### EXERCISE AIM
When the line containing "Tokens 1001 -2000" appears in the entries below, begin printing there and stop after the line containing "Cordless Multi-Function Lawn & Garden Tool"; print each of those lines exactly and no other line.

### PROVIDED DATA
◆ ◆ ◆ ◆ ◆ ◆ ◆
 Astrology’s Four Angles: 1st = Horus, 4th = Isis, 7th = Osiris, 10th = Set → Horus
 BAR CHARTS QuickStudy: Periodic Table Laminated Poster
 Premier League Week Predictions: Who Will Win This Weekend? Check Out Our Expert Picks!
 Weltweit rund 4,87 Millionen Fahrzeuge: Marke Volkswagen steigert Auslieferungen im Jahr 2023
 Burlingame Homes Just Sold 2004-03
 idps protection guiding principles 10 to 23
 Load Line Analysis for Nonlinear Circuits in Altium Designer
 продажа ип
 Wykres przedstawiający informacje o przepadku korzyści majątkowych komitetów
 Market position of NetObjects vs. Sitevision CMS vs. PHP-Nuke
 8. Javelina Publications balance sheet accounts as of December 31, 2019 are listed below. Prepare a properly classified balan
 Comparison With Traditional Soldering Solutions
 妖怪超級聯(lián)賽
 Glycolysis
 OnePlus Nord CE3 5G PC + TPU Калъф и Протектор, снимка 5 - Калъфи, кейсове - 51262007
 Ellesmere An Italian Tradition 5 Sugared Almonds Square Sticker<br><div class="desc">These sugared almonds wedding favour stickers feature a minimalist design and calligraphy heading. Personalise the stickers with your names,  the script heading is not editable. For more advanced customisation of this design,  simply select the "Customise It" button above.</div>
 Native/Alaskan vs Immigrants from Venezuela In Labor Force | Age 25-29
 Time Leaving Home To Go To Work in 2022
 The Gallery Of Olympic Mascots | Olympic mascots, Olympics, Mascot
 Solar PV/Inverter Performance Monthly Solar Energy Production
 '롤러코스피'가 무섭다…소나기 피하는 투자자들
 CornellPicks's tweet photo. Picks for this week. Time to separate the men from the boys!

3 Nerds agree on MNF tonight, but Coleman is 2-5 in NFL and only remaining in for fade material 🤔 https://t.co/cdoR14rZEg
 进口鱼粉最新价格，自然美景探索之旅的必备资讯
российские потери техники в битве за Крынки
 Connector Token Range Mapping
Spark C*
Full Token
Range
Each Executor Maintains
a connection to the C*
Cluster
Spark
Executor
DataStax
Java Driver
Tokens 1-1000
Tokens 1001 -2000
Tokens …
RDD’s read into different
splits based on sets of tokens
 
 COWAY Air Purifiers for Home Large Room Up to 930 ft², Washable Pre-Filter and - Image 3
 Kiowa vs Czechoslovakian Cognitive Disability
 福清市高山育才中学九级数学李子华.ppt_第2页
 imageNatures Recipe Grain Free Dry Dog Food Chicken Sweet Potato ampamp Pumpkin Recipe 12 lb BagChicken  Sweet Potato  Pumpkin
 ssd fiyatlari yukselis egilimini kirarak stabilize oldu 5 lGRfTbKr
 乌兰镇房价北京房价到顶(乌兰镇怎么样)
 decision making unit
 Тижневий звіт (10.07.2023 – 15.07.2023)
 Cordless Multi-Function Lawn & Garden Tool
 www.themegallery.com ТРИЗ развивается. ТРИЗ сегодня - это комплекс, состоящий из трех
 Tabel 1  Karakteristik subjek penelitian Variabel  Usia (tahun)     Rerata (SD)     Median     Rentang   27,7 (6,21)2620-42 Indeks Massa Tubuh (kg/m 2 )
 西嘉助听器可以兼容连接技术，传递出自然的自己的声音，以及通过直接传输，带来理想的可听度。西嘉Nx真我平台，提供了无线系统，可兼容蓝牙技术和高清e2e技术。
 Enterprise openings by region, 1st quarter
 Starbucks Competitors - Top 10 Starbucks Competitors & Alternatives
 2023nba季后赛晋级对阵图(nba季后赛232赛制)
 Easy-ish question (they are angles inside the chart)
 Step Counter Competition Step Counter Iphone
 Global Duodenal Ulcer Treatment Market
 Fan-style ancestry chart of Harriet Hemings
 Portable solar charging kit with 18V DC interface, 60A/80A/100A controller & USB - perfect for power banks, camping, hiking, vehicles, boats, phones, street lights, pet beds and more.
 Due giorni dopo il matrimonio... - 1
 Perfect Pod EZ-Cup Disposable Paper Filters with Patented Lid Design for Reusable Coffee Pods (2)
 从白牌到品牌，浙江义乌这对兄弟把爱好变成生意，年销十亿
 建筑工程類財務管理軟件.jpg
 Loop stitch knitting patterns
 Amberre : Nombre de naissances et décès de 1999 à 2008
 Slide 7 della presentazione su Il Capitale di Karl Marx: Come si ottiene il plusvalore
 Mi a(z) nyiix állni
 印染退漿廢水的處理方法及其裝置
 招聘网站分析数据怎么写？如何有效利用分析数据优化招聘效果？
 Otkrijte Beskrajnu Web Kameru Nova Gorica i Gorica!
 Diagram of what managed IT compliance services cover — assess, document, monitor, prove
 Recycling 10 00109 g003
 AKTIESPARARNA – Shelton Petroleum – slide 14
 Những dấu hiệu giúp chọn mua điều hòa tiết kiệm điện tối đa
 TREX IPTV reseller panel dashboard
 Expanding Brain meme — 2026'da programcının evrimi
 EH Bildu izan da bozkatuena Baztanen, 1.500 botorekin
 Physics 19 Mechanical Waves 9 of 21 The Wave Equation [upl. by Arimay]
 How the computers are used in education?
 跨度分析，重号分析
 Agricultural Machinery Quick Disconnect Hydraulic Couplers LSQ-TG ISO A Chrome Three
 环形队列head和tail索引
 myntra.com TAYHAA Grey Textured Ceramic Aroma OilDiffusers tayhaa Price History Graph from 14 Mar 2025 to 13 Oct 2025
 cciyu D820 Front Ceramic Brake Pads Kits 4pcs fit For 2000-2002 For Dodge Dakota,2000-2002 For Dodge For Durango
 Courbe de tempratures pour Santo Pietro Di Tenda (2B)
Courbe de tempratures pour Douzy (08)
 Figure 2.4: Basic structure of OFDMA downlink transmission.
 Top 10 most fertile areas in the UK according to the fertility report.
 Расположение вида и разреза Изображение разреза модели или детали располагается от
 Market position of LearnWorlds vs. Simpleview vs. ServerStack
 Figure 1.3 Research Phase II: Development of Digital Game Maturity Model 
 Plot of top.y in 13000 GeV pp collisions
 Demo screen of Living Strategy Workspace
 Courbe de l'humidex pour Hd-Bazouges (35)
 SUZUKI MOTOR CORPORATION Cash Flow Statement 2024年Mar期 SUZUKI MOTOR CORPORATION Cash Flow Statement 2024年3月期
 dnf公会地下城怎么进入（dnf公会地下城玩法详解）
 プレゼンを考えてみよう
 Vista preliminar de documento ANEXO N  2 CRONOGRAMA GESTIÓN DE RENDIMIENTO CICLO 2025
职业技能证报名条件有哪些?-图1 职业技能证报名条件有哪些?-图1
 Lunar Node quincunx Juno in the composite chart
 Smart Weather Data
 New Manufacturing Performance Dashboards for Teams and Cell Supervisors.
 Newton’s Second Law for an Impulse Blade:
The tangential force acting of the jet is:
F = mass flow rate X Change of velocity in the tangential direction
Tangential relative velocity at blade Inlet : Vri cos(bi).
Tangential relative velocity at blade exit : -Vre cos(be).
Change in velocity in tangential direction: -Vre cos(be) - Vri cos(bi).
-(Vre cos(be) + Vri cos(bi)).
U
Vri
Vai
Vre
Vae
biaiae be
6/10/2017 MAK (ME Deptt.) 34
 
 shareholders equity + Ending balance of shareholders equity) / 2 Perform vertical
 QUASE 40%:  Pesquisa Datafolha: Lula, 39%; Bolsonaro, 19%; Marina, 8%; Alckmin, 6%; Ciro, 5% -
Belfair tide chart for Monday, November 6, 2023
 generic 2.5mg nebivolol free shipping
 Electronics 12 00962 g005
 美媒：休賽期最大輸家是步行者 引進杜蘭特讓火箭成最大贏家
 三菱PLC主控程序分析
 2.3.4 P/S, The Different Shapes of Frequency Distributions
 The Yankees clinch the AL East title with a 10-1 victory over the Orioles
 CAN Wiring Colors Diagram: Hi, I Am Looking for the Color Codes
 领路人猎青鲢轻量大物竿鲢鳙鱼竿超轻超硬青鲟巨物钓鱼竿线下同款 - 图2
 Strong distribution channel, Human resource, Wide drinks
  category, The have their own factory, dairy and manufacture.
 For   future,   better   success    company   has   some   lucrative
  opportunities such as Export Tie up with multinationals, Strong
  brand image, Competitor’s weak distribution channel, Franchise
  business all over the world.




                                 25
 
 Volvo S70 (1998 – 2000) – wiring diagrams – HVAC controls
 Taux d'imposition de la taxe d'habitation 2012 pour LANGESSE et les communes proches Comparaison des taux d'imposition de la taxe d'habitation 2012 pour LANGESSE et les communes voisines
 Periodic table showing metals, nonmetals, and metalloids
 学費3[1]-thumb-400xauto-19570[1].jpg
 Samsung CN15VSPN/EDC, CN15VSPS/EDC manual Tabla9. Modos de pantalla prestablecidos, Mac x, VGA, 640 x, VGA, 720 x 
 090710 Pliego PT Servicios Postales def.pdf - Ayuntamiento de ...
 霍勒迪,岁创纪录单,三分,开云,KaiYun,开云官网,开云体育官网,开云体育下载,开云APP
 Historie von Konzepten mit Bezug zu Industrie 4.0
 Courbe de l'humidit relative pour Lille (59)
◆ ◆ ◆ ◆ ◆ ◆ ◆
### WRITTEN RESPONSE
Tokens 1001 -2000
Tokens …
RDD’s read into different
splits based on sets of tokens
 
 COWAY Air Purifiers for Home Large Room Up to 930 ft², Washable Pre-Filter and - Image 3
 Kiowa vs Czechoslovakian Cognitive Disability
 福清市高山育才中学九级数学李子华.ppt_第2页
 imageNatures Recipe Grain Free Dry Dog Food Chicken Sweet Potato ampamp Pumpkin Recipe 12 lb BagChicken  Sweet Potato  Pumpkin
 ssd fiyatlari yukselis egilimini kirarak stabilize oldu 5 lGRfTbKr
 乌兰镇房价北京房价到顶(乌兰镇怎么样)
 decision making unit
 Тижневий звіт (10.07.2023 – 15.07.2023)
 Cordless Multi-Function Lawn & Garden Tool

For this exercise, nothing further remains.